------ DATASET CONTENT ------

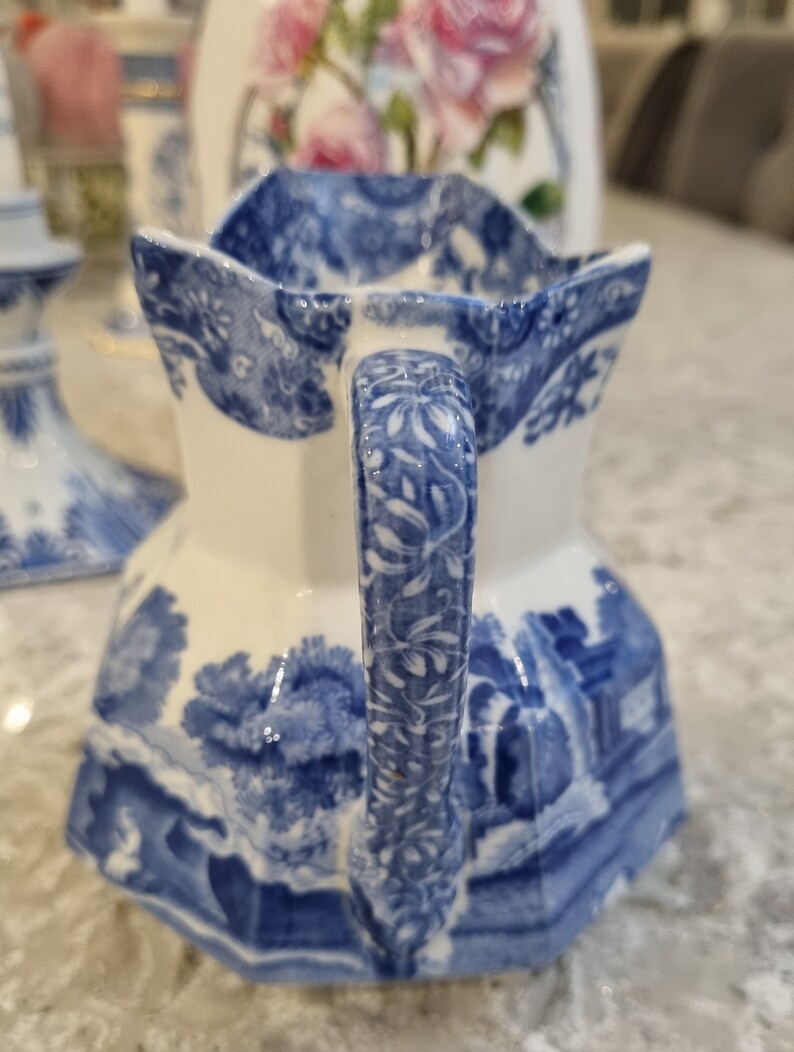 Antique Copeland Spode Italian Blue Octagonal Jug Etsy UK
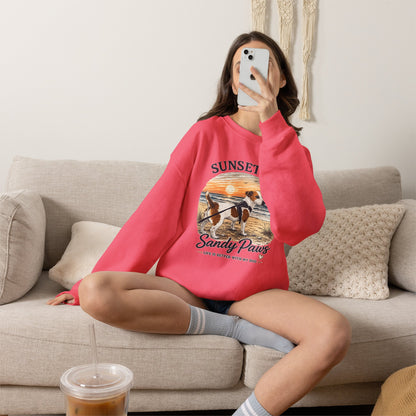 Sunsets & Sandy Paws Crewneck Sweatshirt – Beach Dog Graphic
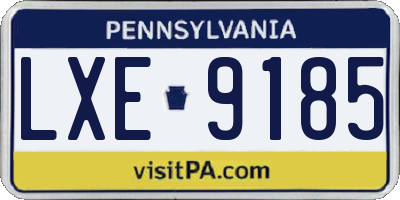 PA license plate LXE9185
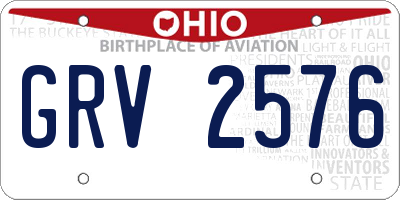 OH license plate GRV2576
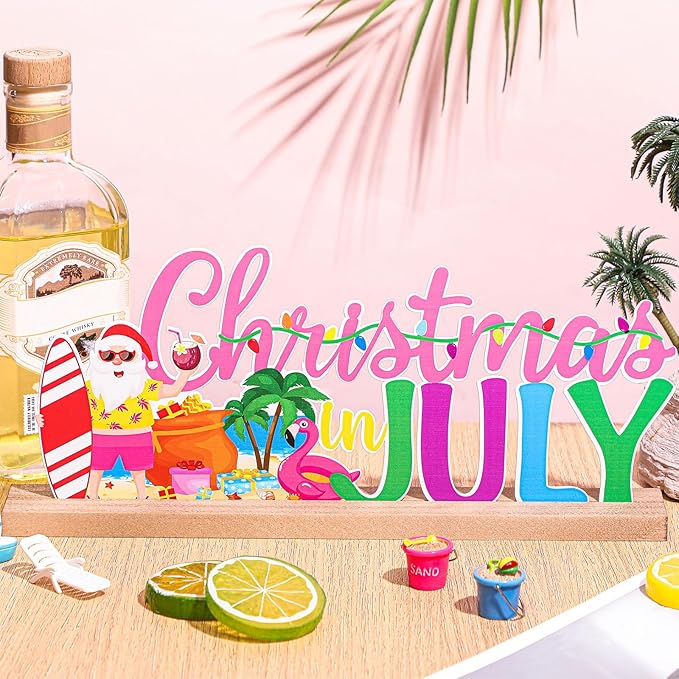 Christmas in July Metal Sign Rustic Table Decor Holiday Tiered Tray Decor - Image 4
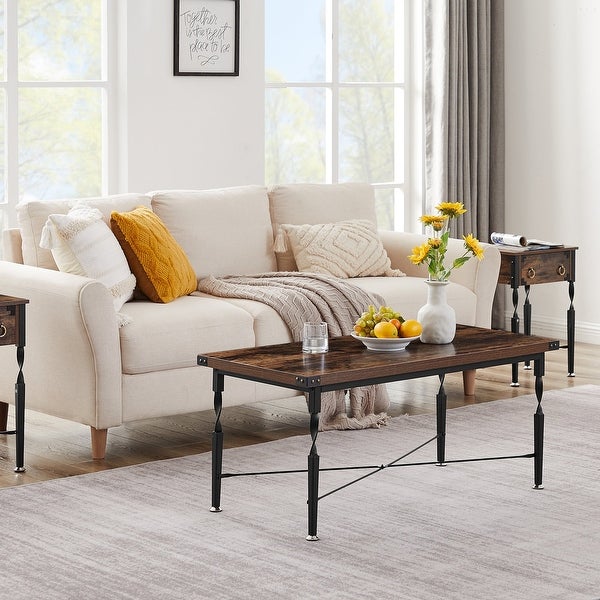Taomika Nightstand with Drawer Modern End/Side Table, Rustic Brown, Set of 1/2/3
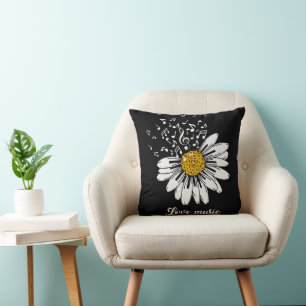 Coussin Fleur de Daisy Love Musique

------

_TASK REQUIREMENTS_:
Return each record above as it stands. Pictures stay out.

_RESULT FOR THIS TASK_:
 Antique Copeland Spode Italian Blue Octagonal Jug Etsy UK
 Sunsets & Sandy Paws Crewneck Sweatshirt – Beach Dog Graphic
 PA license plate LXE9185
 OH license plate GRV2576
 Christmas in July Metal Sign Rustic Table Decor Holiday Tiered Tray Decor - Image 4
Taomika Nightstand with Drawer Modern End/Side Table, Rustic Brown, Set of 1/2/3
 Coussin Fleur de Daisy Love Musique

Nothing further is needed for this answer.